Leaving Gee’s Bend
Ten-year-old Ludelphia Bennett has never left Gee’s Bend, a sharecropping village on the Alabama River. But her mother is deathly ill and Ludelphia feels it is her fault, having let an accused witch tend to Mama while she gave birth to baby Rose. So, with just her sewing needle, thread and a few scrap patches in the pocket of her apron, Ludelphia sets out for the closest town to ask the white doctor for help. Quilting calms her when there is trouble, and Ludelphia feels the need to quilt a lot in her time away from Gee’s Bend. But when trouble follows Ludelphia back to her beloved home, she puts away her stitching things and finds the strength in herself to drive trouble back.
This is a sweet story about an impoverished, disfigured girl whose inner strength will inspire young readers. Leaving Gee’s Bend would make a great classroom book, as Irene Latham has included so many teaching points such as the Great Depression, the Red Cross, sharecropping, quilting, and health care.
Ludelphia Bennett is a 10-year-old girl growing up in the little village of Gee’s Bend, Alabama. With one blind eye, she works with her needle and patches of cloth on quilts, knowing that each quilt tells a story. Ludelphia’s mother, who has lost three newborn babies, is pregnant and is desperate not to give birth to her baby too early. When the baby is born, Ludelphia’s mother falls deathly ill, and everyone tells Ludelphia that there is nothing she can do but wait. Ludelphia has a different plan in mind; she sets off to Camden, the town across the river, to find Doc Nelson, a white doctor who might be able to help. On her journey, Ludelphia runs into Mrs. Cobb, the woman everybody says is merciless, who bathes and feeds Ludelphia and takes her for a ride in her motorcar to see Doc Nelson. Ludelphia discovers that it’s all a scheme, and Mrs. Cobb wants to turn her in. When Ludelphia finds the doctor, she receives the terrible news that he can’t help her. With Mrs. Cobb threatening with her shotgun and her mother dying, what will Ludelphia do?

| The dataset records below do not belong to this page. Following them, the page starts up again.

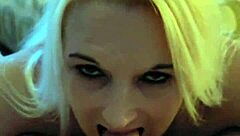 Wow, Wolfdaddy901 Gets Intense Deepthroat Blowjob From New Friend Loveylondon In Amateur Gay Action!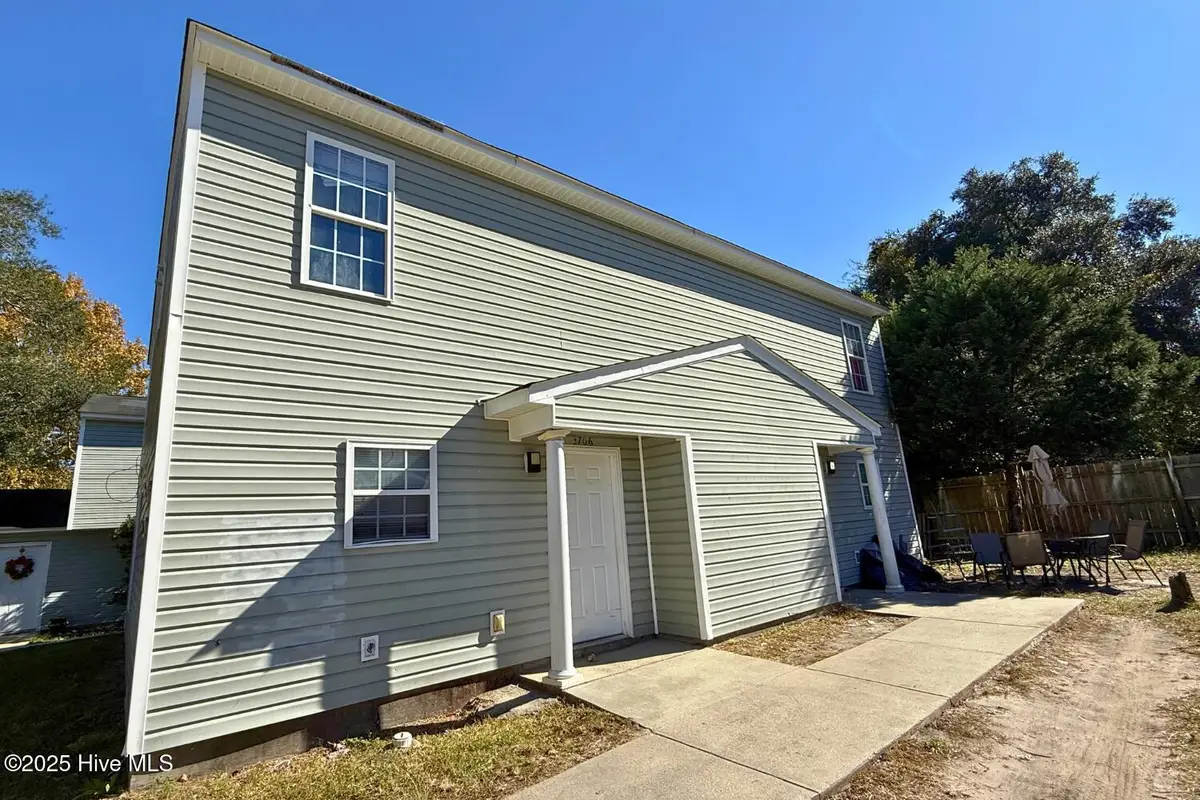 3706 Prices Lane, Wilmington, NC 28405 - Image #1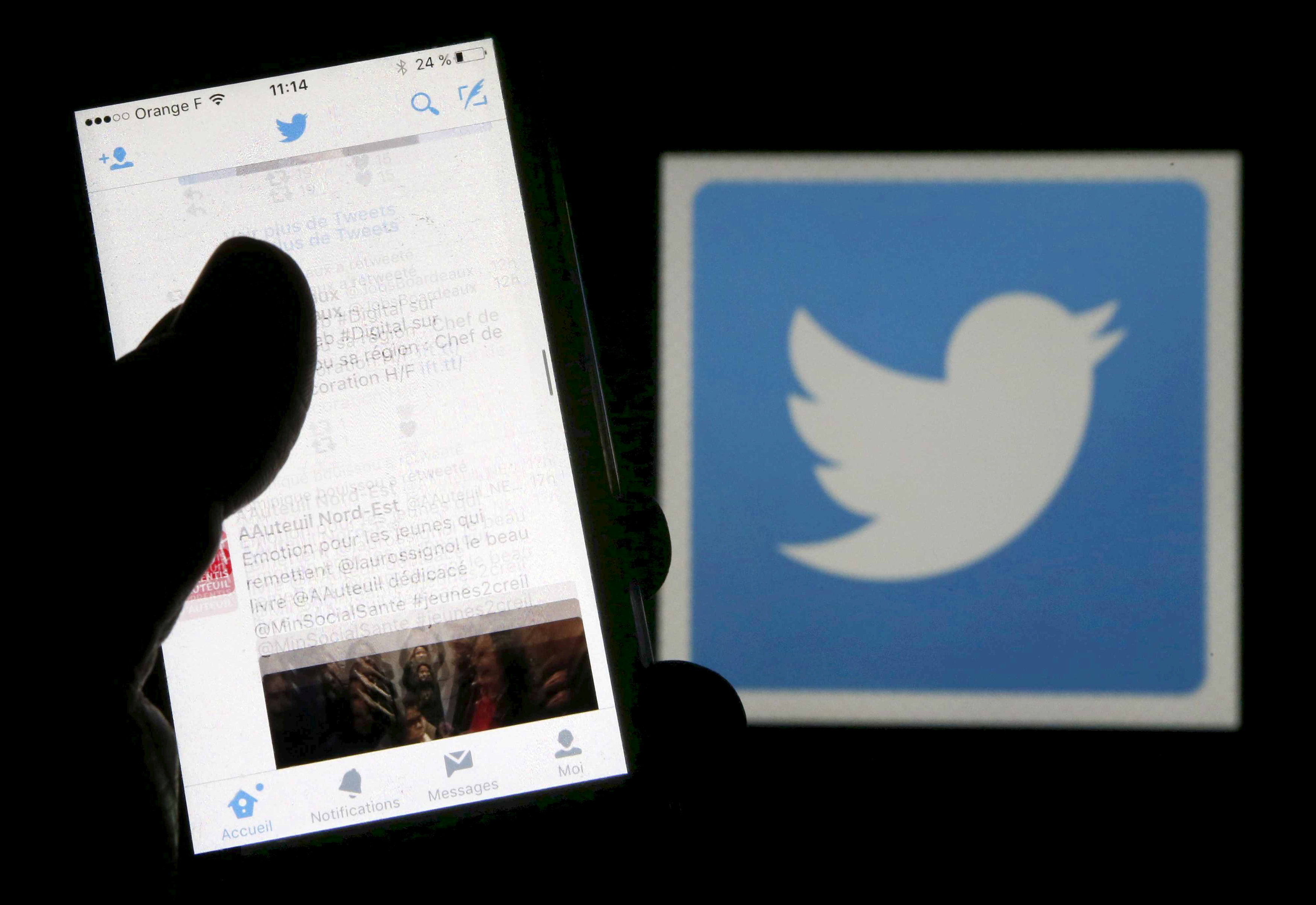 Twitter ya permite los tuits efímeros que duran 24 horas, al estilo “historias”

I enjoyed Leaving Gee’s Bend very much. The story kept my interest. I liked how Irene Latham got into the whole Alabama accent and made her characters realistic. She described Gee’s Bend and all of Ludelphia’s actions skillfully. It all comes together in the end very well which made the story very satisfying. Although the descriptions of her mother’s sickness were disturbing to read, all in all, I’d give this story five stars.